_Work item_
Leave the images aside and repeat the whole listing exactly.

_Raw data_
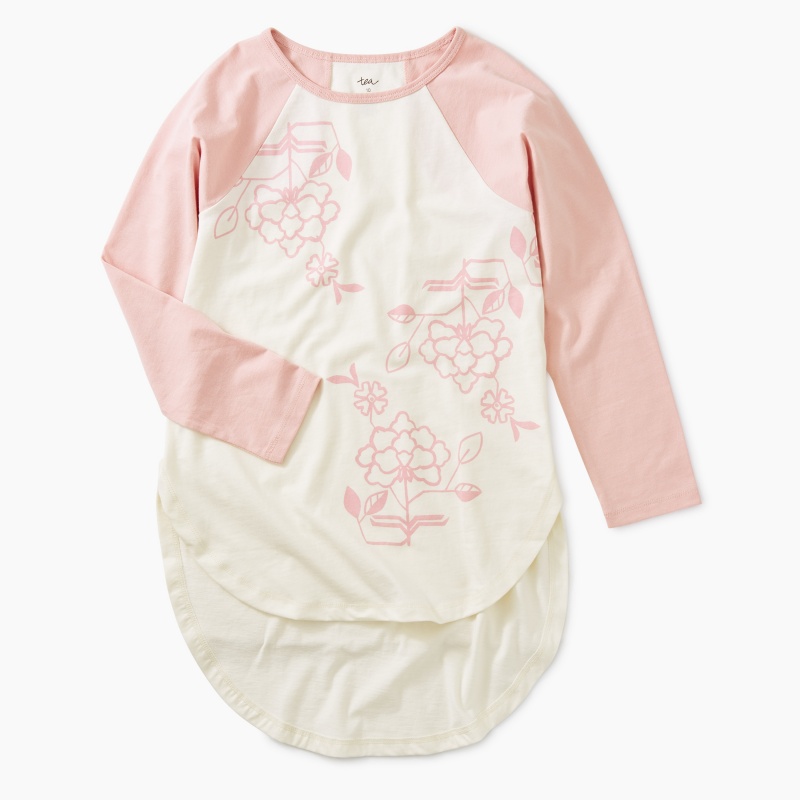 Floral Graphic Raglan Tee
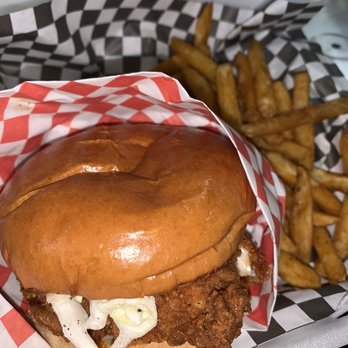 Chicky Sandos - Chicken sandwich with fries - Chicken Shop Near Me - Baton Rouge, Louisiana Chicky Sandos - Chicken sandwich with fries - Chicken Shop Near Me - Baton Rouge, Louisiana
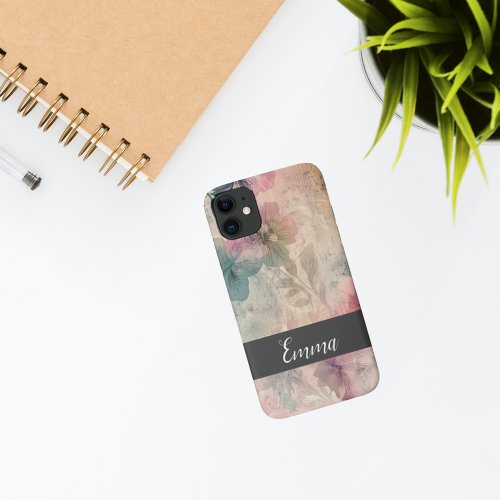 Floral Fantasy Grunge Custom Phone Case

_Finished task_
 Floral Graphic Raglan Tee
 Chicky Sandos - Chicken sandwich with fries - Chicken Shop Near Me - Baton Rouge, Louisiana Chicky Sandos - Chicken sandwich with fries - Chicken Shop Near Me - Baton Rouge, Louisiana
 Floral Fantasy Grunge Custom Phone Case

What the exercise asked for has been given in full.